Director, Central Policy Research Office
As head of the Communist Party’s top research office, Wang’s role is a combination of national policy adviser and chief speech writer. He is seen during almost all key domestic and international trips made by President Xi Jinping. He has gained respect among the upper echelon for his academic depth, political neutrality and caution.
Director, National Development and Reform Commission
Xu is the country’s top economic planner and oversees the NDRC, which is sometimes called “the small State Council”. Despite more than three decades of market reform, the NDRC retains sweeping power to regulate all major industries and approve projects with billion-yuan budgets, from airports to railways and car plants.
Director, General Office of Central Leading Group on Economic and Financial Affairs
Liu is Xi’s top aide on economic and financial affairs, and oversees the influential leading group’s operations. He is widely believed to be the mysterious “authoritative person” People’s Daily quoted in May in a report casting doubt on policies pursued by the State Council under Premier Li Keqiang.
Wang is one of the State Council’s three vice-premiers, with responsibility for business and commerce, tourism and agriculture. Wang also plays a key role in Sino-US relations, keeping in contact with US Treasury Secretary Jacob Lew to keep both countries informed on economic and policy issues, though Wang is thought to now share this role with Liu He.
Governor, People’s Bank of China
Zhou is responsible for making and applying monetary policy for the world’s second-largest economy. Zhou is believed to have been at the centre of almost every change China has made to its financial system, from reshaping state banking to setting up the bond market to smooth the way for the yuan’s global push.

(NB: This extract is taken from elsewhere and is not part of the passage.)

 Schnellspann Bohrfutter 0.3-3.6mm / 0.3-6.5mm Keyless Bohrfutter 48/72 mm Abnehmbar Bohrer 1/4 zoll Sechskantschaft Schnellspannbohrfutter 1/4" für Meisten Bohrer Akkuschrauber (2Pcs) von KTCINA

Lou, China’s finance minister since 2013, is known for his reformist outlook and preference for a market-oriented economy. He oversaw a multibillion-dollar sovereign wealth fund China Investment Corp for six years before heading the ministry. Lou was appointed chairman of board of governors of the China-led Asia Infrastructure Investment Bank.

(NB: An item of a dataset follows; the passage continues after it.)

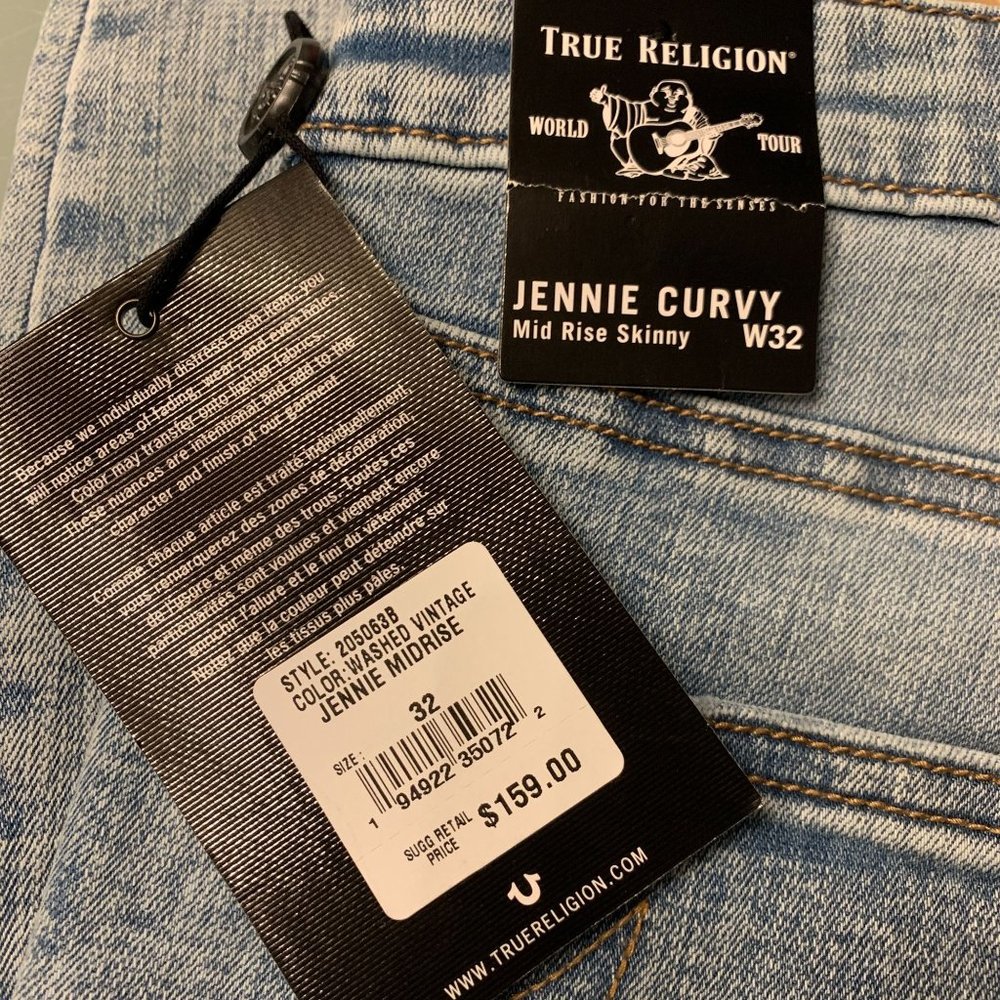 NWT True Religion Jennie Curvy 10" Rise Skinny Cut Off Hem Size 32 Jeans - Picture 6 of 16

Gao has experience in both the government and business sectors, including serving as a deputy general manager at China Resources Enterprise in the 1990s. The fluent French speaker, an experienced trade negotiator, was removed intact despite reports about his son’s controversial employment at JP Morgan.
An experienced diplomat, Yang has quietly risen to the top position to oversee the country’s international policies. Yang, who outranks Foreign Minister Wang Yi, has often played an important role as China sought to ease tensions amid international disputes.